Do-It-Yourself with Help From Books
Writing your resume yourself is probably a better option than paying one of the cut-rate providers and receiving an inferior resume–and then assuming that it will get you interviews. Try writing it yourself, turning to expert guidance from books to guide you. Books I recommend (some are a bit old, but most of the info is still relevant and very valuable):
- Happy About My Resume: 50 Tips for Building a Better Document to Secure a Brighter Future by Barbara Safani. This is a quick, easy reference book — very concise and perfect for folks who don’t want to do a lot of reading.
- Resume Magic: Trade Secrets of a Professional Resume Writer by Susan Britton Whitcomb. This is the “Bible” of resume writing, but at 500 or so pages, only get this if you have the patience!

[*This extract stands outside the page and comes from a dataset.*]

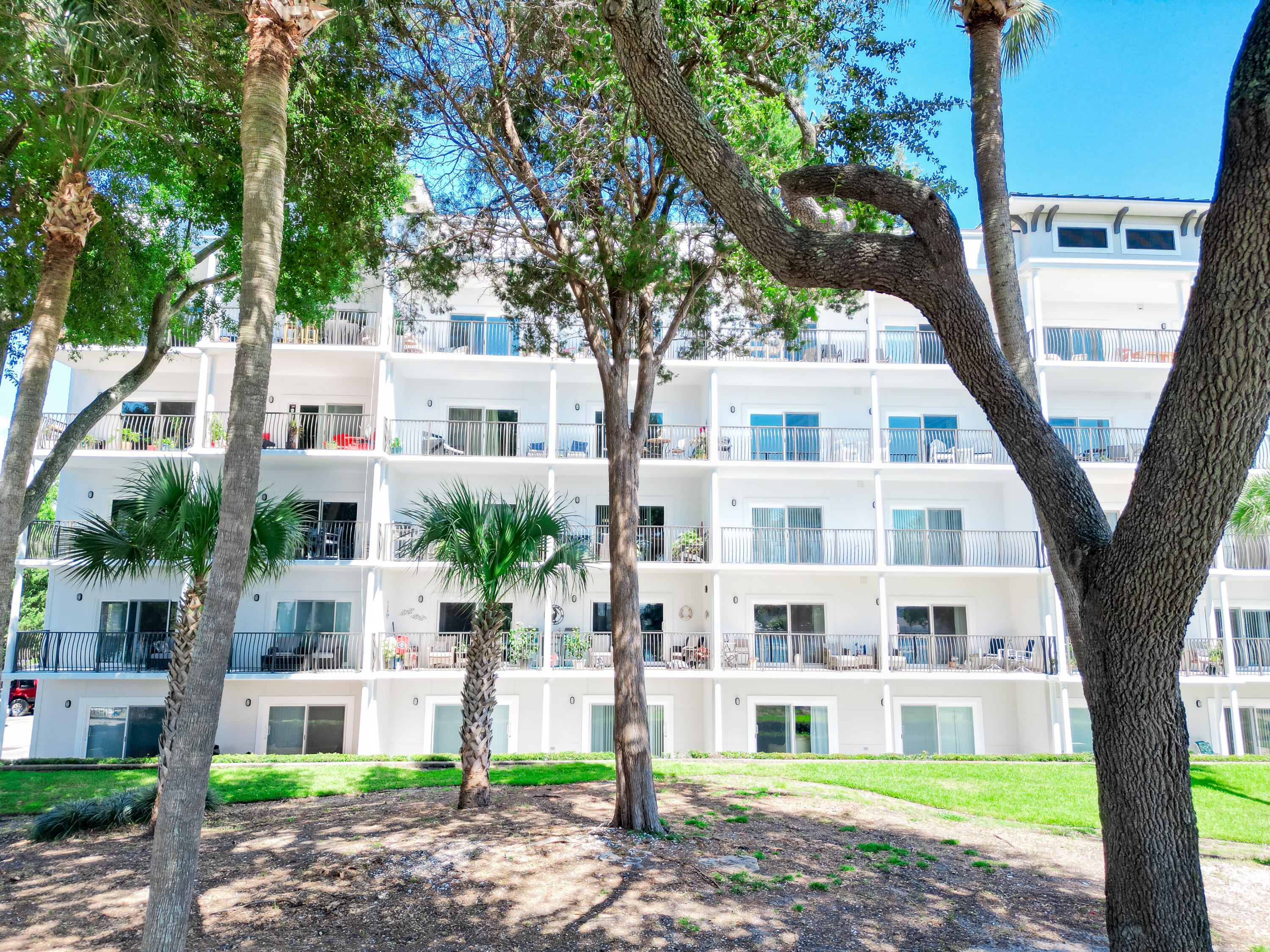 INDIANOLA ON THE WATER - Residential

- Executive Job Search for $100,000 to $1 Million+ Jobs by Wendy S. Enelow and Louise M. Kursmark Has resume samples and guidelines for senior executives.

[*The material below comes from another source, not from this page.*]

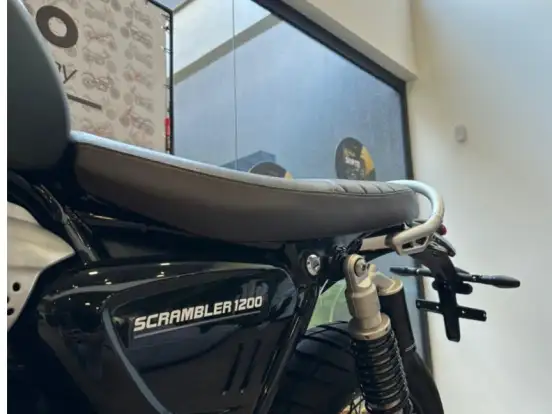 TRIUMPH-BONNEVILLE SCRAMBLER 1200 X TRIUMPH-BONNEVILLE SCRAMBLER 1200 X-2025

ALSO: Everyone should read 100 Conversations for Career Success: Learn to Network, Cold Call, and Tweet Your Way to Your Dream Job by Laura M. Labovich and Miriam Salpeter. It’s a quick, easy, read that contains essential know-how for every modern job search. Mastering these essentials is arguably more important than polishing your resume.
Employment Development Department
The state of California has employment offices all over that help job seekers. However, you must first have a resume before they’ll help you out one-on-one. They offer classes about how to write resumes and cover letters, and you can do it yourself after attending their classes (and/or with the help of other resources). Once you have your resume, you can meet one-on-one with a career counselor there who can help you. You can find the location of your nearest One-Stop Career Center at www.edd.ca.gov. (For other states – check with your local government offices.)

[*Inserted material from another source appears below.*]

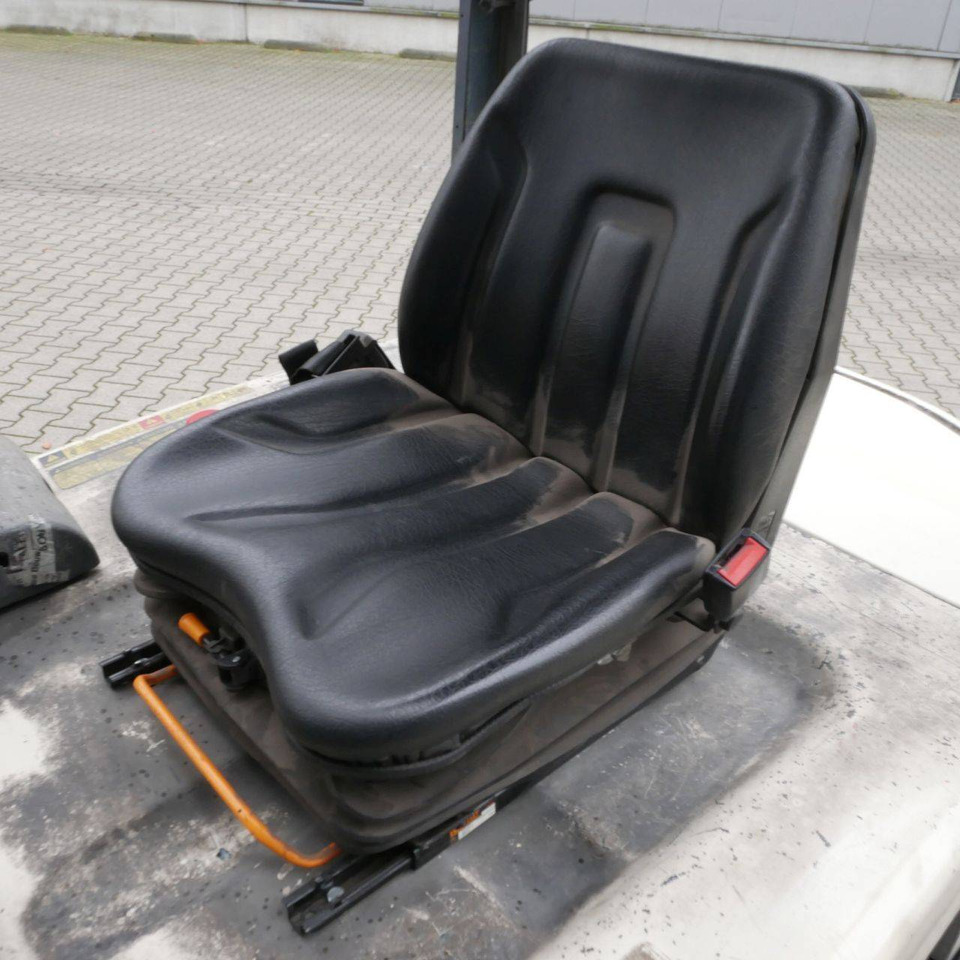 Nissan QX25 (Q02L25CU) - Electrostivuitor: Foto 4 Nissan QX25 (Q02L25CU) - Electrostivuitor: Foto 4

If you do the resume yourself, you can have it edited on the website www.kibin.com. Kibin offers free editing by everyday people, but to get free editing, you have to edit someone else’s work. They also offer editing for very low fees if you want it faster and don’t want to do any editing yourself. The person editing your work might not necessarily be a very good writer or editor, but the work is reviewed by an editor on staff. However, as with any low-cost or free service, don’t expect it to be the level of quality you’d get from a well-qualified resume writer. But it can be helpful if you take the do-it-yourself route, as they may spot things you’ve missed.